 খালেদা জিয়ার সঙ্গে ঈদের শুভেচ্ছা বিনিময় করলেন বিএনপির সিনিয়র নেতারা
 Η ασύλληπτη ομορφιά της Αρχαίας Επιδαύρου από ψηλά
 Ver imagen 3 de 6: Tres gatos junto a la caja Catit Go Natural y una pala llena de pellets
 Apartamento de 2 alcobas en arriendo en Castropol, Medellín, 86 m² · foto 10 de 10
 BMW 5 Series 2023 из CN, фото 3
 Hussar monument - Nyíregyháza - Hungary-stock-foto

___

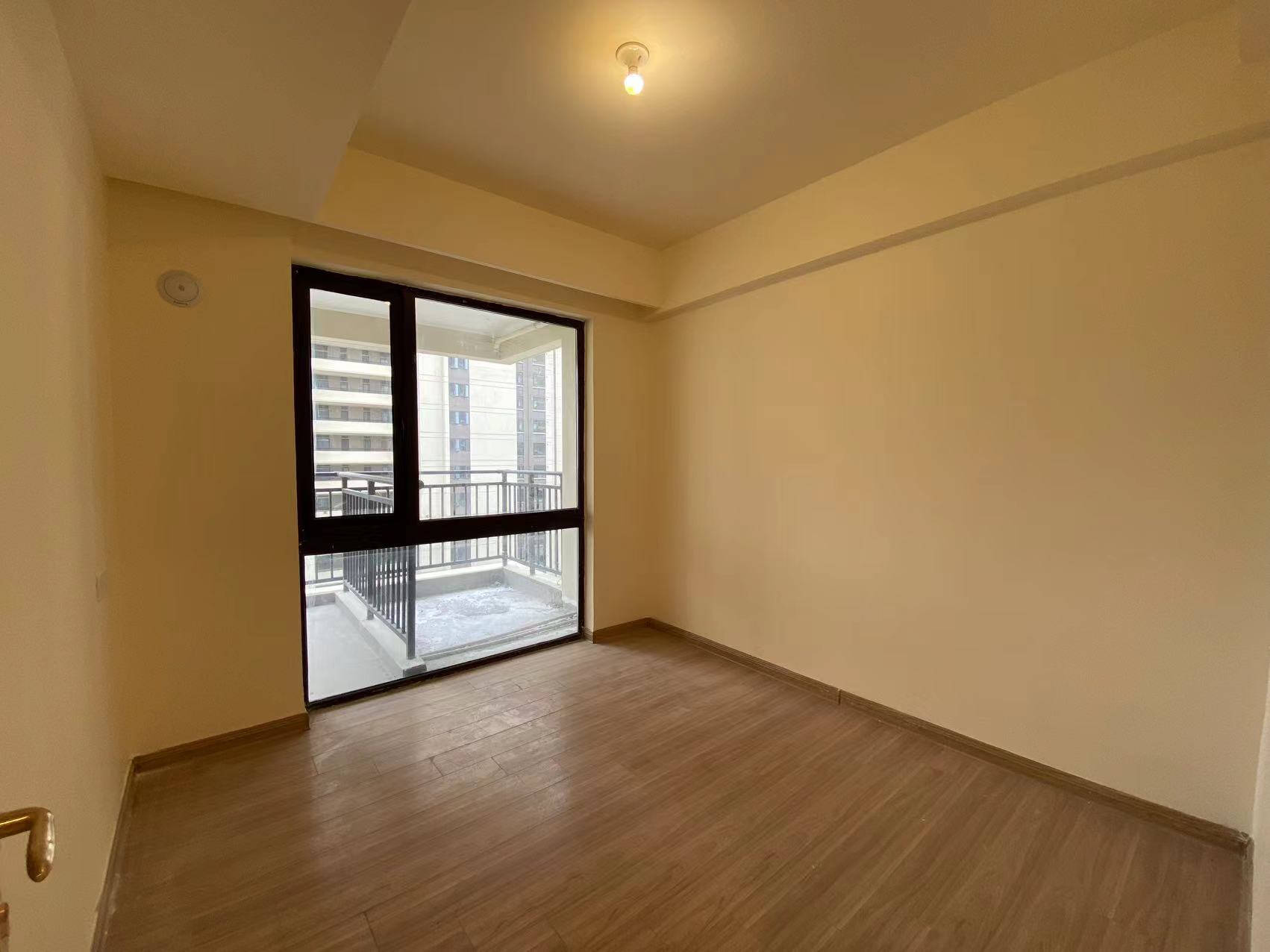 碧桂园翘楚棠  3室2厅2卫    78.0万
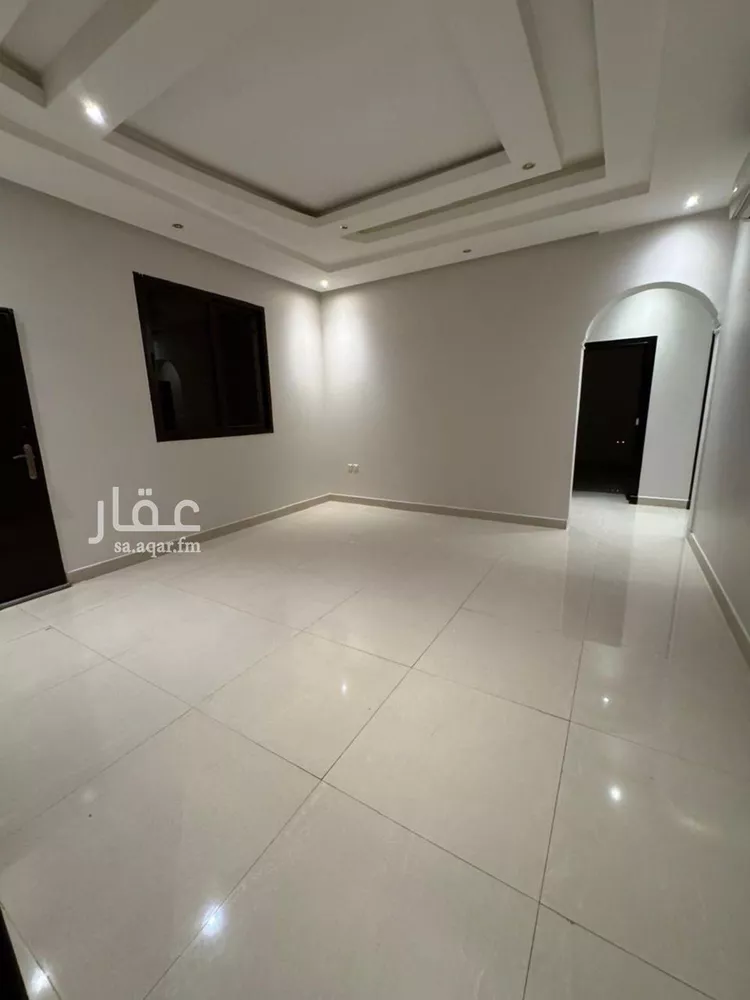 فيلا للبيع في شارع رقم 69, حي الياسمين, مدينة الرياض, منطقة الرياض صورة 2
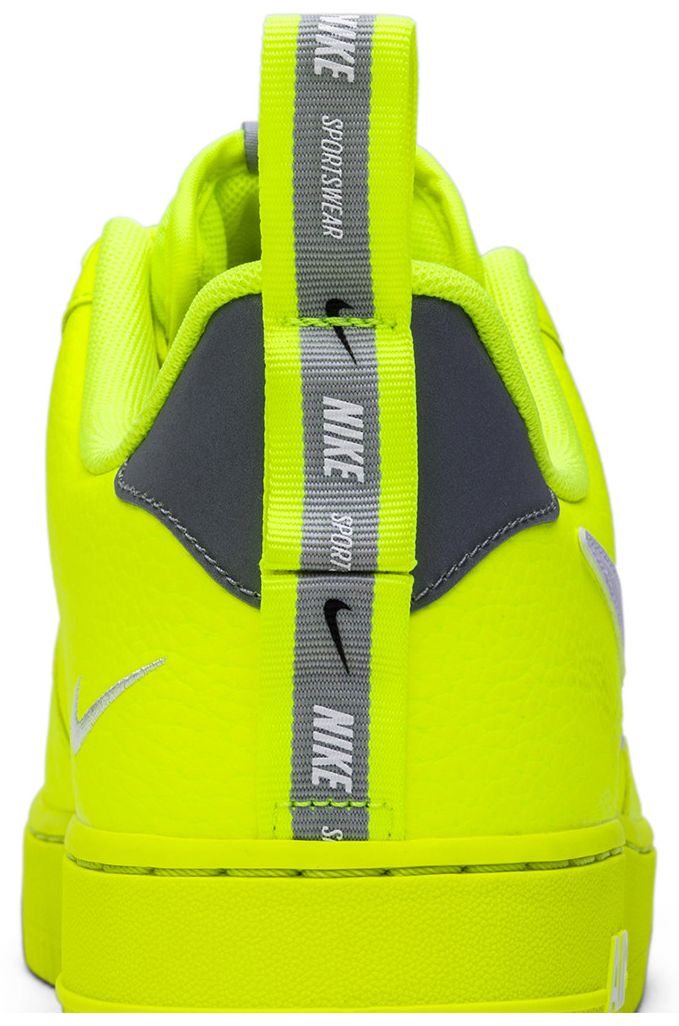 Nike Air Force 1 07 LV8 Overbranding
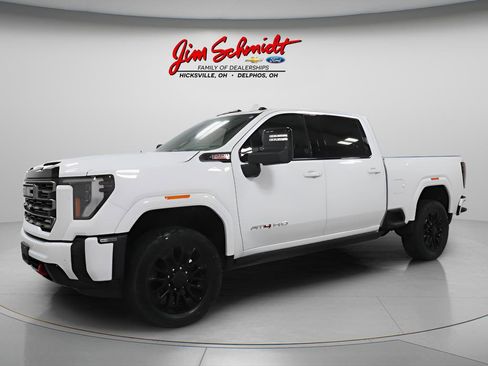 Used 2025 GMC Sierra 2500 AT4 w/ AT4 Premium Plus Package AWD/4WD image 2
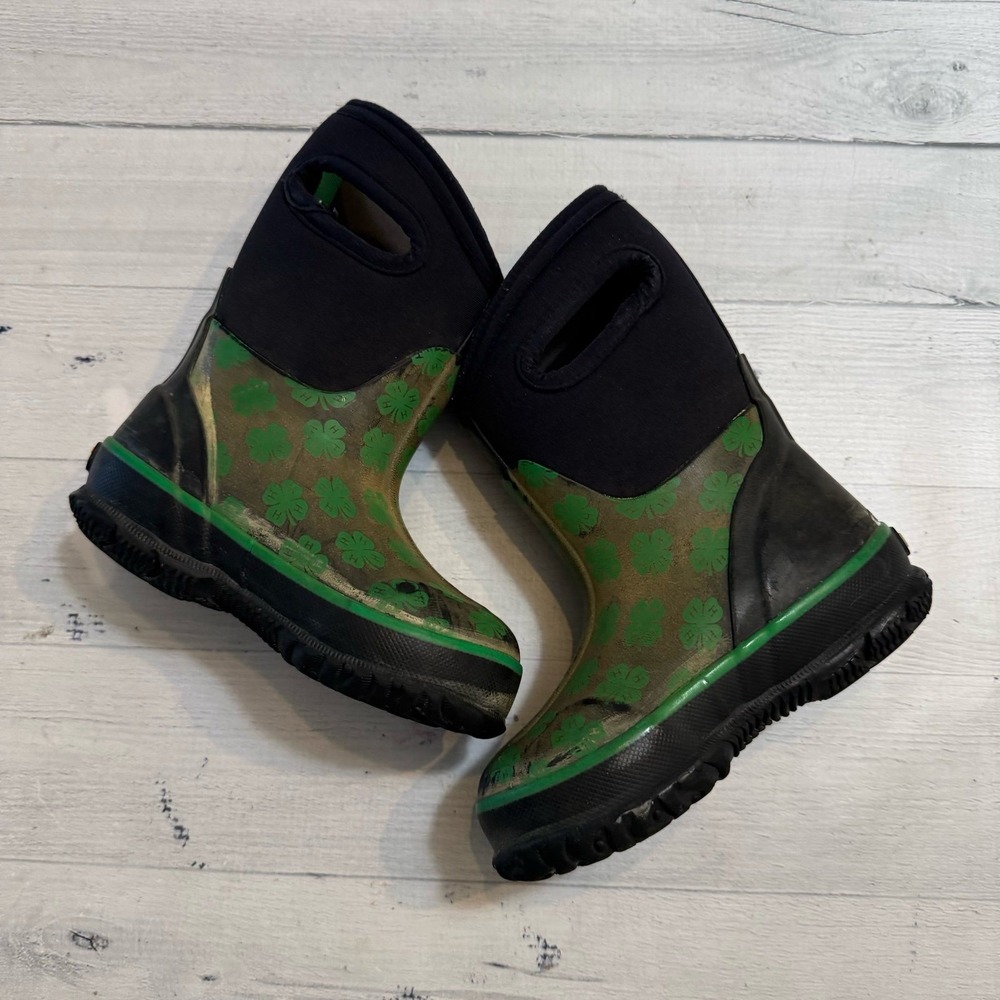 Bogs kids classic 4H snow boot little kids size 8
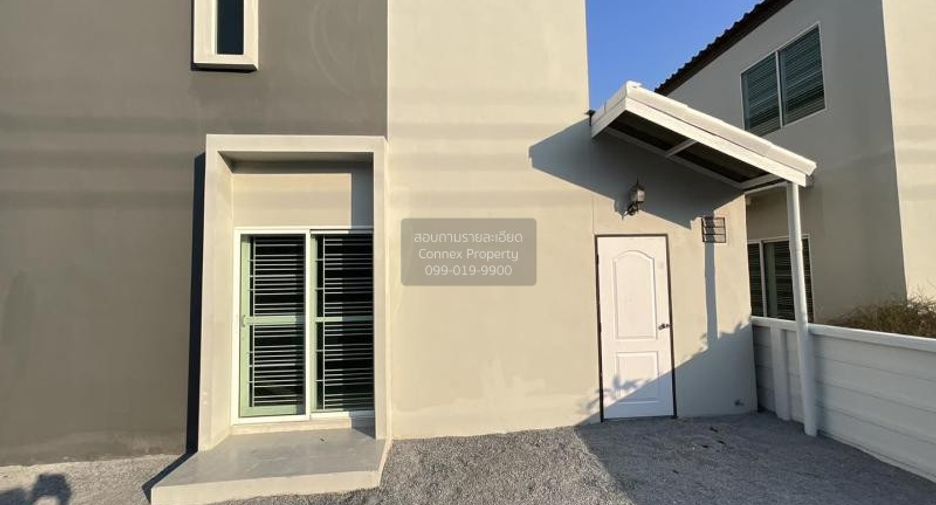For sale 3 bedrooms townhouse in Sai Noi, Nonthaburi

___

▸ THE PROBLEM
Check each line in the records above for the word "foto". Return those that have it.

▸ ANSWER FOR THE TASK
 Apartamento de 2 alcobas en arriendo en Castropol, Medellín, 86 m² · foto 10 de 10
 Hussar monument - Nyíregyháza - Hungary-stock-foto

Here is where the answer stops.